Ran, A. (2019). yfinance: Yahoo! Finance market data downloader [Python library]. https://github.com/ranaroussi/yfinance

In [None]:
company = Table.read_table('data/company_information.csv')

In [None]:
company.show(3)

Display the column names from the both the `ceo` and the `company` `DtatFrame`.

In [None]:
print("Columns in the ceo dataframe")
print(ceo.labels)
print("\n")
print("Columns in the company dataframe")
print(company.labels)

We can join the `ceo` and `company` tables using the `ticker` column.

**Question 8.** Join the `ceo` and `company` tables on the `ticker` column. 

In [None]:
ceo_company = ...
ceo_company.show(3)

**Question 9.** What are the top three states with the highest number of companies represented in the dataset? 

In [None]:
...

**Question 10.** Create a table showing the top three states by number of companies. For each state, include the number of companies, the highest CEO stock award value, and the average stock award value.

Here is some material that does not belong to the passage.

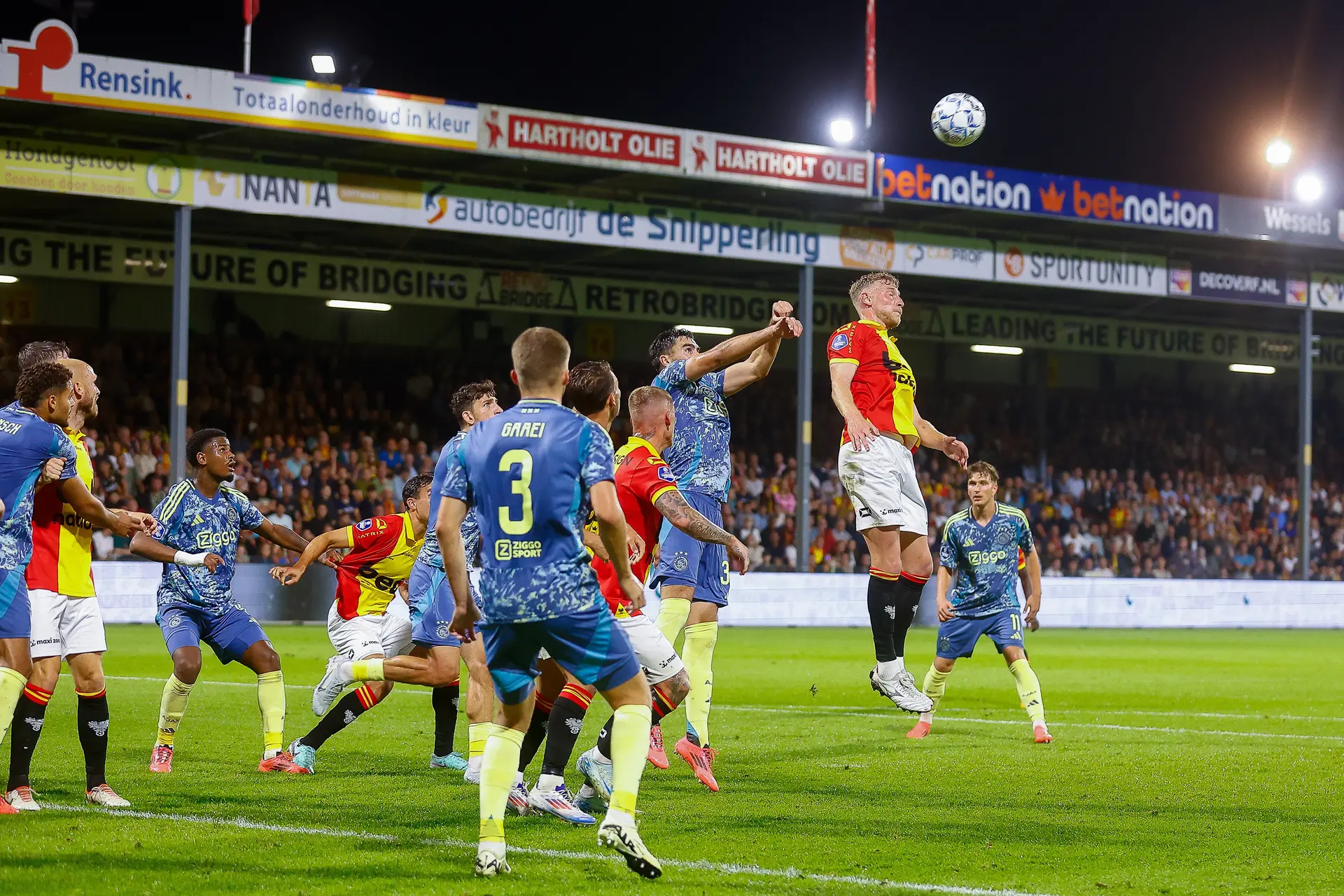 Kranten zagen Ajax niet overtuigen: 'Een punt is misschien wel meer dan Ajax verdiende'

| State | Number of Companies | Max Stock Award (in millions) | Mean Stock Award (in millions) |
|------:|--------------------:|------------------------------:|-------------------------------:|
| CA    | 527                 | 160.54                        | 5.13975                        |
| TX    | 59                  | 21.5122                       | 3.72992                        |
| NY    | 295                 | 184.999                       | 4.58902                        |

In [None]:
ca = ...
ny = ...
tx = ...

ca_mean  = ...
tx_mean  = ...
ny_mean  = ...

tbl = ...

tbl

## Submission

Make sure that all cells in your assignment have been executed to display all output, images, and graphs in the final document.

**Note:** Save the assignment before proceeding to download the file.

After downloading, locate the `.ipynb` file and upload **only** this file to Moodle. The assignment will be automatically submitted to Gradescope for grading.